EXERCISE DATA:
»»
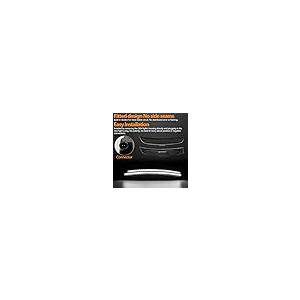Side Marker Lights Compatible With Chrysler300 for Chrysler 300s 並行輸入品の画像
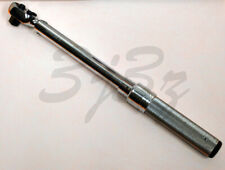 Cdi 5449944 Torque Wrench For Ibm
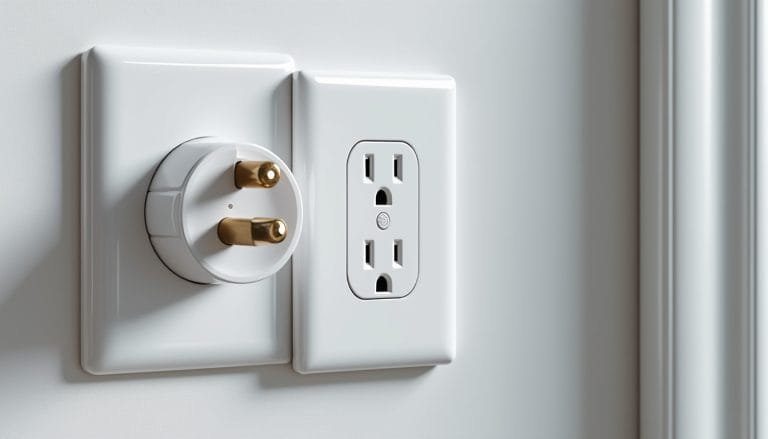 découvrez quelle prise électrique utiliser aux états-unis pour vos appareils et évitez les problèmes de compatibilité lors de vos voyages.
««
Return the listing verbatim, pictures omitted.

Side Marker Lights Compatible With Chrysler300 for Chrysler 300s 並行輸入品の画像
 Cdi 5449944 Torque Wrench For Ibm
 découvrez quelle prise électrique utiliser aux états-unis pour vos appareils et évitez les problèmes de compatibilité lors de vos voyages.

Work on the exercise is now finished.